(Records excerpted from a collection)
-----

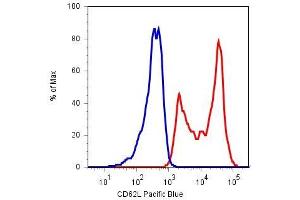 Surface staining of human peripheral blood cells with anti-CD62L (LT-TD180) Pacific Blue™ (lymphocyte gate). (L-Selectin antibody  (APC))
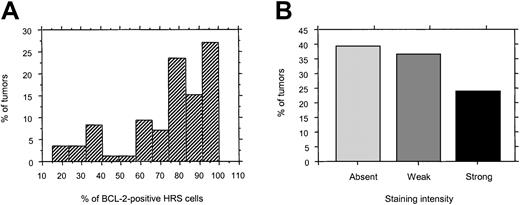 Fig. 2. Histograms of frequency and intensity of BCL-2 expression in HRS cells. / (A) Frequency of HRS cells expressing BCL-2 in positive tumors. (B) Staining intensity of BCL-2 in HRS cells.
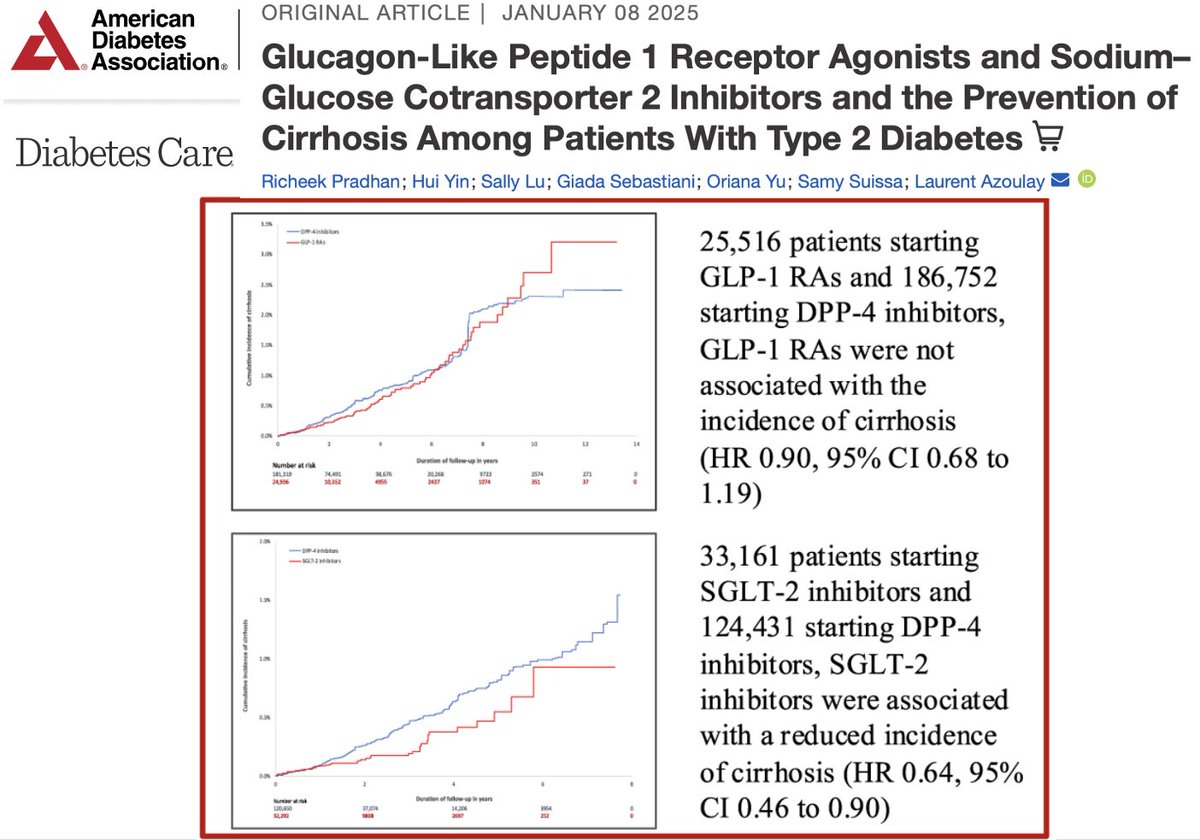 🚨Pleased to coauthor this new publication🚨
➡️In patients with type 2 #diabetes in UK, SGLT-2 inhibitors were associated with a lower risk of #cirrhosis compared to DPP-4 inhibitors
➡️ #GLP1 RAs were not associated with a lower risk of cirrhosis
👉diabetesjournals.org/care/article-a…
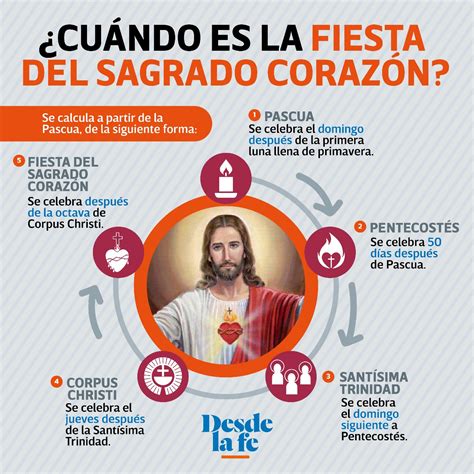 Sagrado Corazon De Jesus Para Niños La Catequesis Explicación Con Imágenes Para Niños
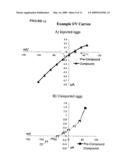 Electrophysiological assays using oocytes that express human enac and the use of phenamil to improve the effect of enac enhancers in assays using membrane potential reporting dyes diagram and image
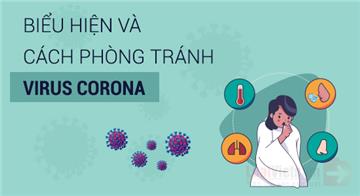 Infographic: Biểu hiện và cách phòng tránh virus Corona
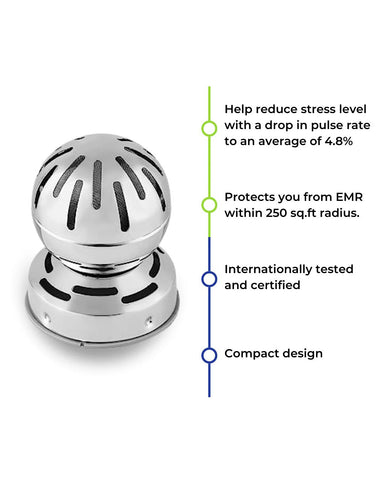 Enviroglobe Pro for Cars - Protects from Electro Magnetic Radiation(EMR), Bacteria, Virus & Germs | Clinically Tested by AIIMS & Apollo | Car Improvement Device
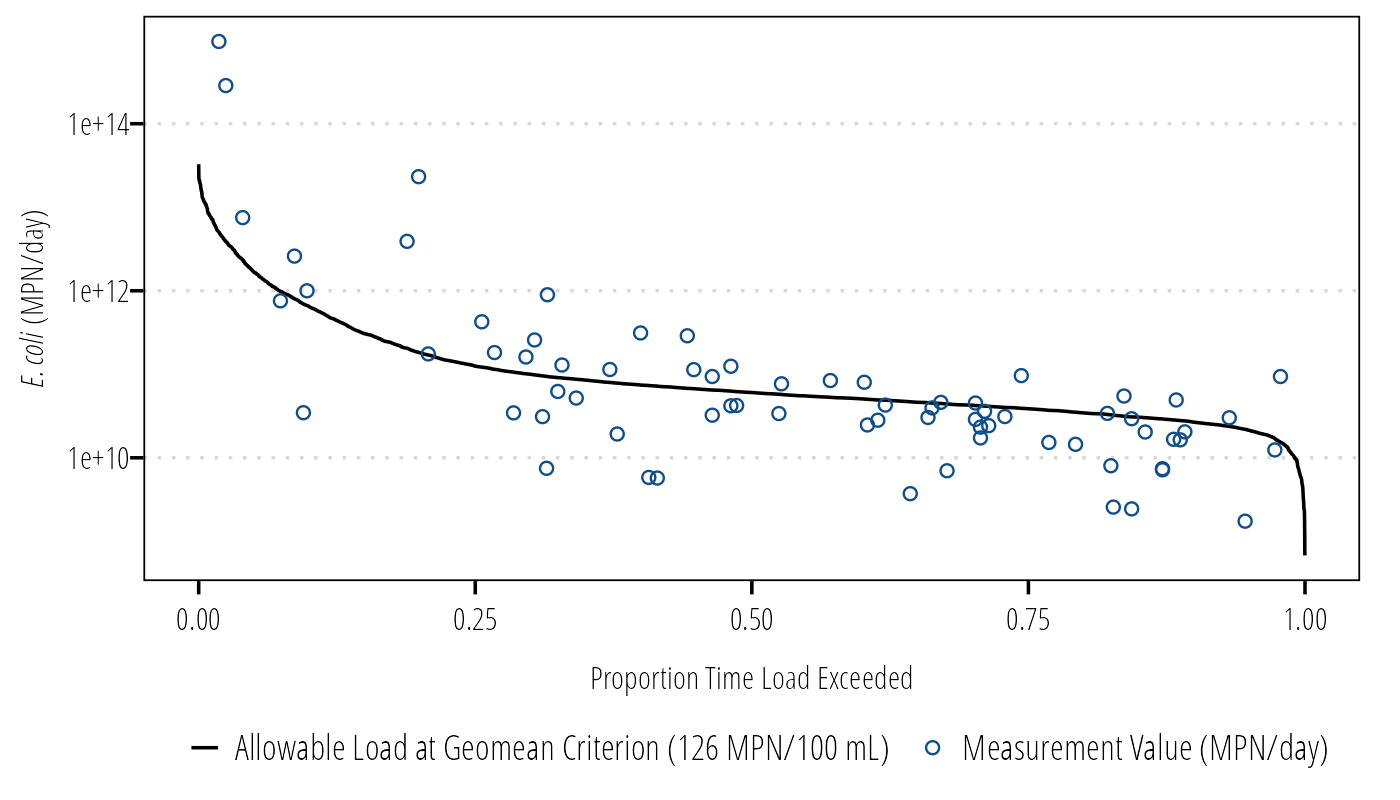 LDC with measured bacteria concentrations.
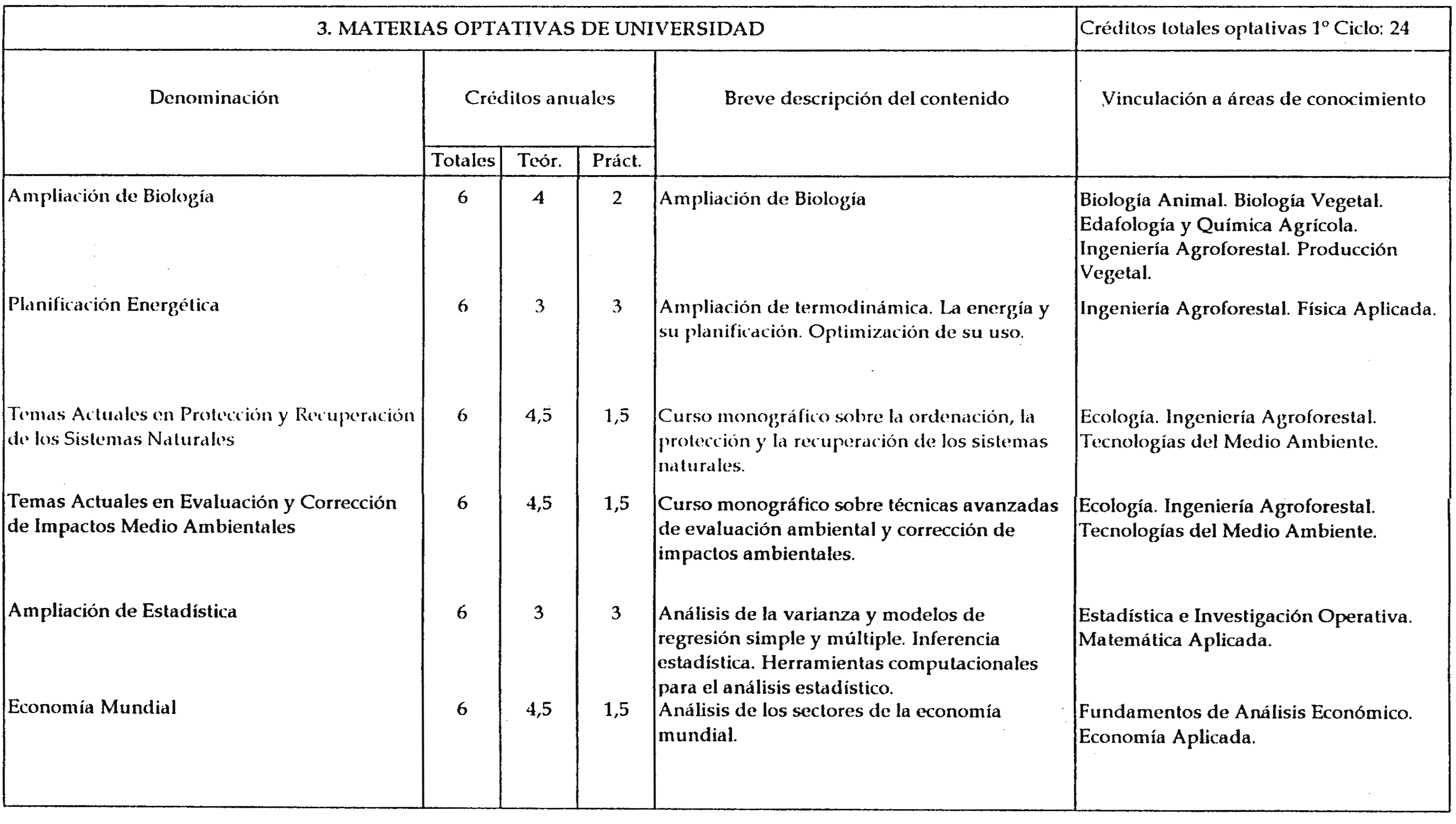 Imagen: /datos/imagenes/disp/2000/3/00078_7918898_image17.png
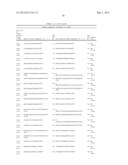 LIPID FORMULATED DSRNA TARGETING THE PCSK9 GENE diagram and image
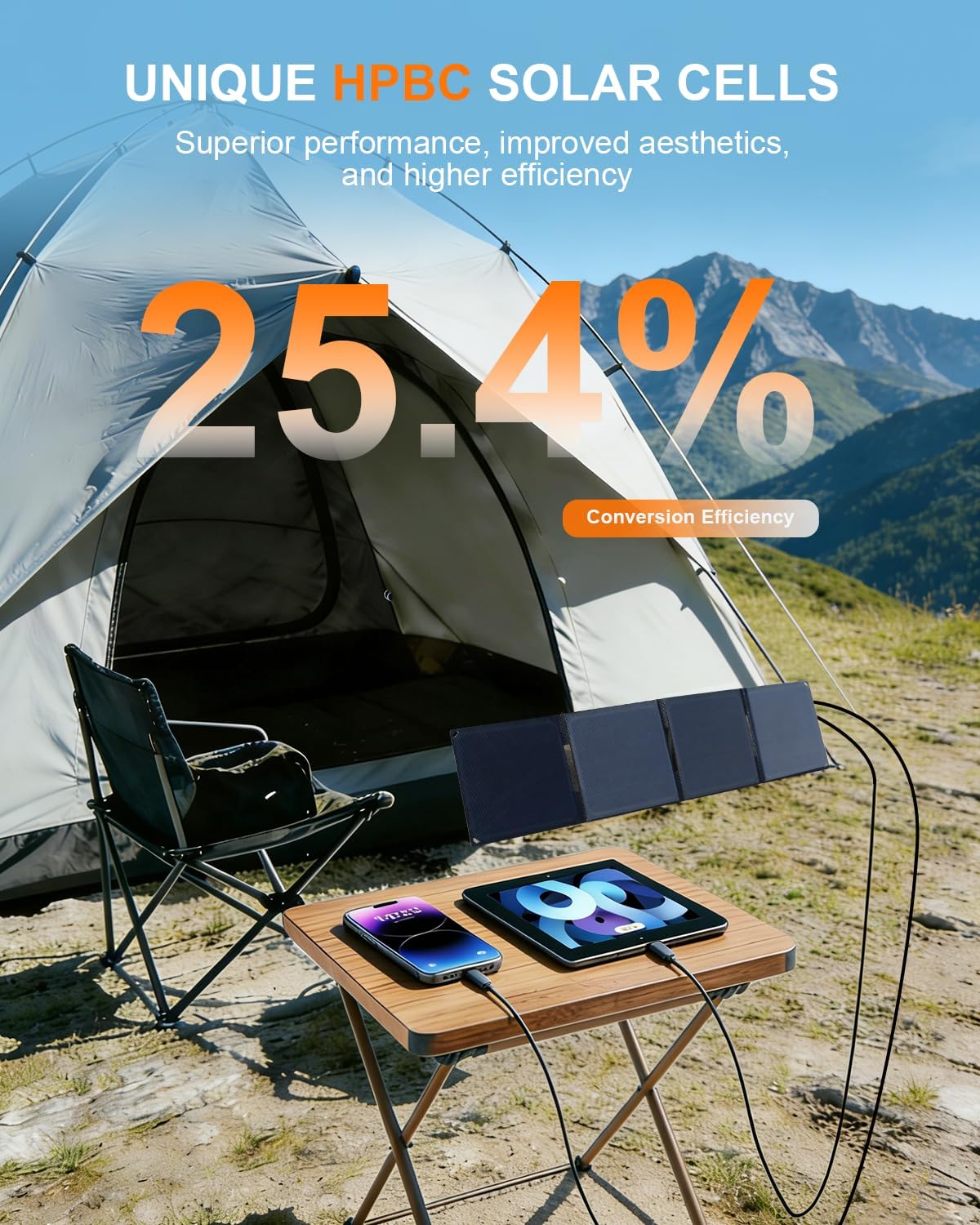 ELECAETNA 30W Solar Panel, HPBC Solar Cells with 25.4% Conversion, USB C & USB QC3.0 Fast Charging, 1.1lbs Ultra Light, Foldable and Portable Solar Charger for Cellphones Tablet Camping Backpacking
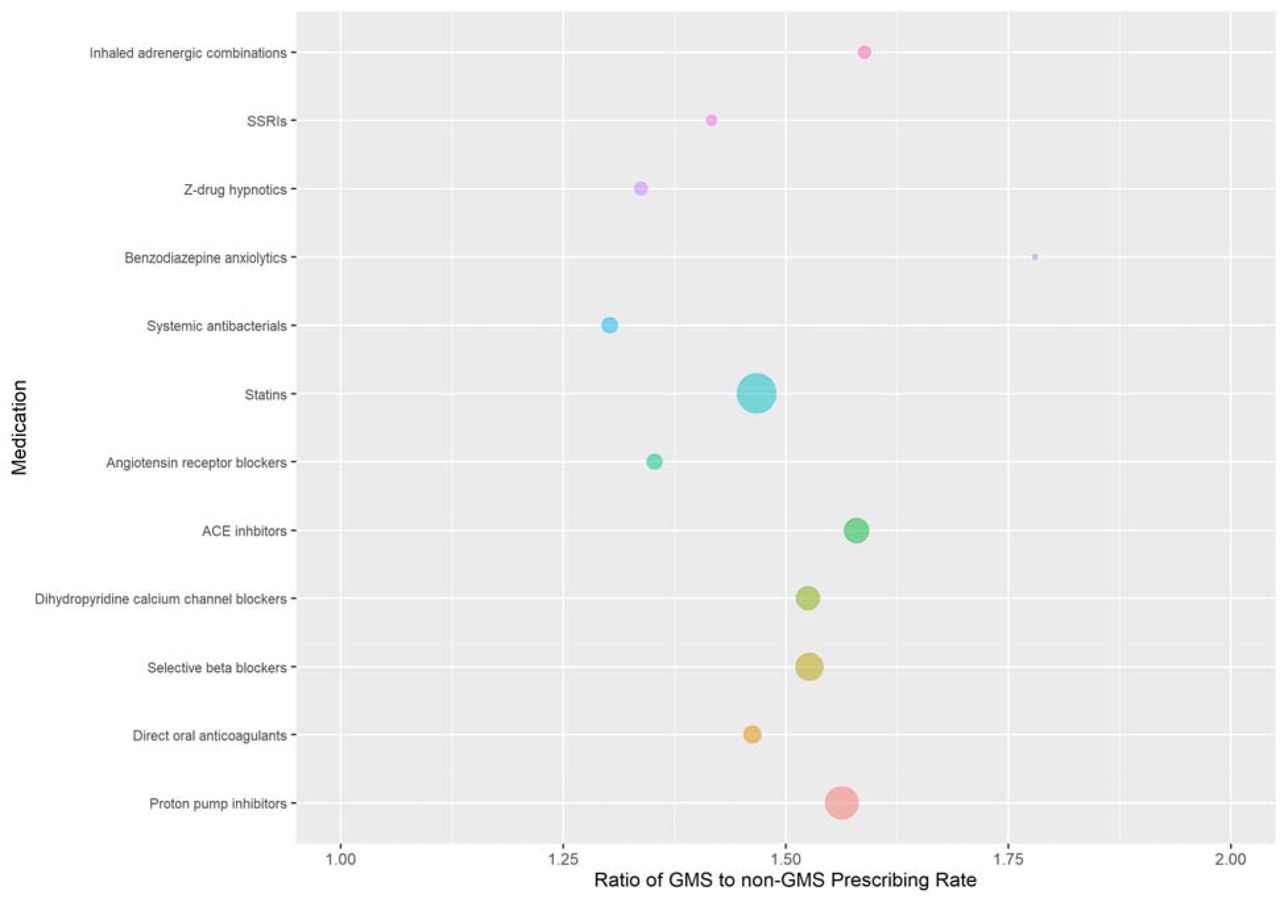 Ratio of GMS to non-GMS prescribing rates for pre-specified medication classes, with bubble size indicating the rate of prescribing of each class among GMS patients
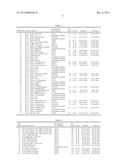 ISOLATED POLYNUCLEOTIDES AND POLYPEPTIDES RELATING TO LOCI UNDERLYING     RESISTANCE TO SOYBEAN CYST NEMATODE AND SOYBEAN SUDDEN DEATH SYNDROME AND     METHODS EMPLOYING SAME diagram and image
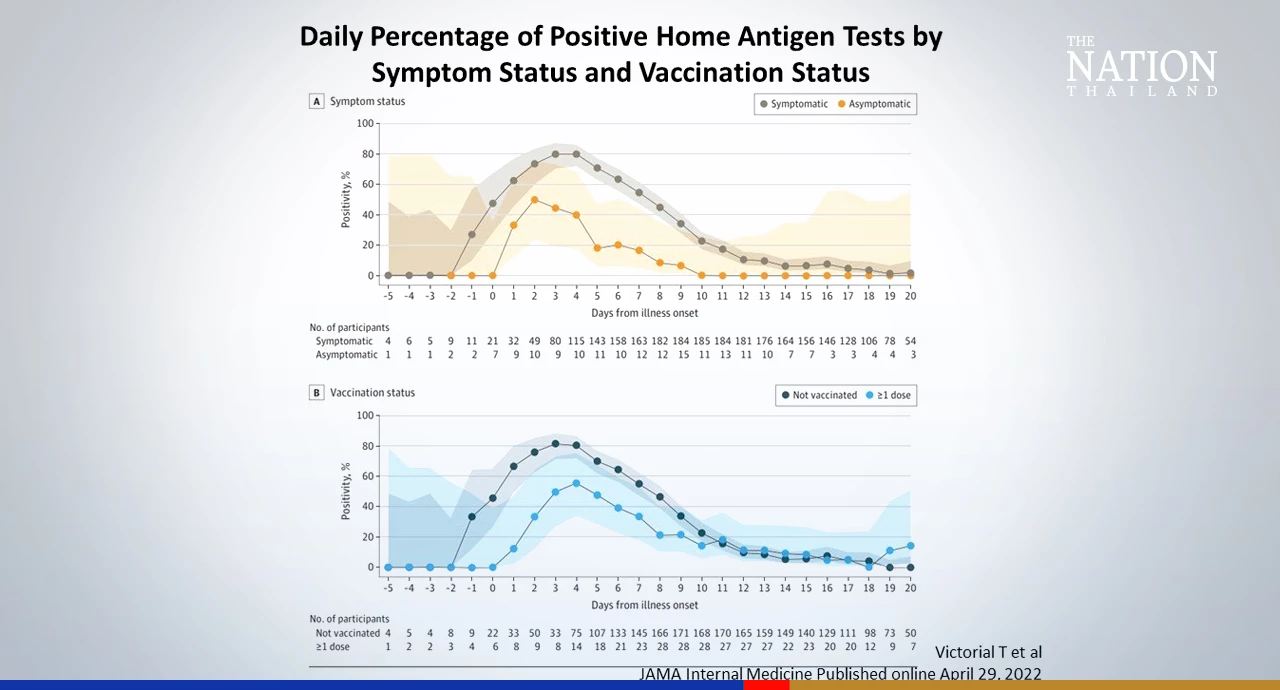 Isolation for Covid patients: How long is long enough?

-----

Requirement: The pictures alone are to be left out when the data above is copied; all else must match exactly.

Answer space:
 Surface staining of human peripheral blood cells with anti-CD62L (LT-TD180) Pacific Blue™ (lymphocyte gate). (L-Selectin antibody  (APC))
 Fig. 2. Histograms of frequency and intensity of BCL-2 expression in HRS cells. / (A) Frequency of HRS cells expressing BCL-2 in positive tumors. (B) Staining intensity of BCL-2 in HRS cells.
 🚨Pleased to coauthor this new publication🚨
➡️In patients with type 2 #diabetes in UK, SGLT-2 inhibitors were associated with a lower risk of #cirrhosis compared to DPP-4 inhibitors
➡️ #GLP1 RAs were not associated with a lower risk of cirrhosis
👉diabetesjournals.org/care/article-a…
 Sagrado Corazon De Jesus Para Niños La Catequesis Explicación Con Imágenes Para Niños
 Electrophysiological assays using oocytes that express human enac and the use of phenamil to improve the effect of enac enhancers in assays using membrane potential reporting dyes diagram and image
 Infographic: Biểu hiện và cách phòng tránh virus Corona
 Enviroglobe Pro for Cars - Protects from Electro Magnetic Radiation(EMR), Bacteria, Virus & Germs | Clinically Tested by AIIMS & Apollo | Car Improvement Device
 LDC with measured bacteria concentrations.
 Imagen: /datos/imagenes/disp/2000/3/00078_7918898_image17.png
 LIPID FORMULATED DSRNA TARGETING THE PCSK9 GENE diagram and image
 ELECAETNA 30W Solar Panel, HPBC Solar Cells with 25.4% Conversion, USB C & USB QC3.0 Fast Charging, 1.1lbs Ultra Light, Foldable and Portable Solar Charger for Cellphones Tablet Camping Backpacking
 Ratio of GMS to non-GMS prescribing rates for pre-specified medication classes, with bubble size indicating the rate of prescribing of each class among GMS patients
 ISOLATED POLYNUCLEOTIDES AND POLYPEPTIDES RELATING TO LOCI UNDERLYING     RESISTANCE TO SOYBEAN CYST NEMATODE AND SOYBEAN SUDDEN DEATH SYNDROME AND     METHODS EMPLOYING SAME diagram and image
 Isolation for Covid patients: How long is long enough?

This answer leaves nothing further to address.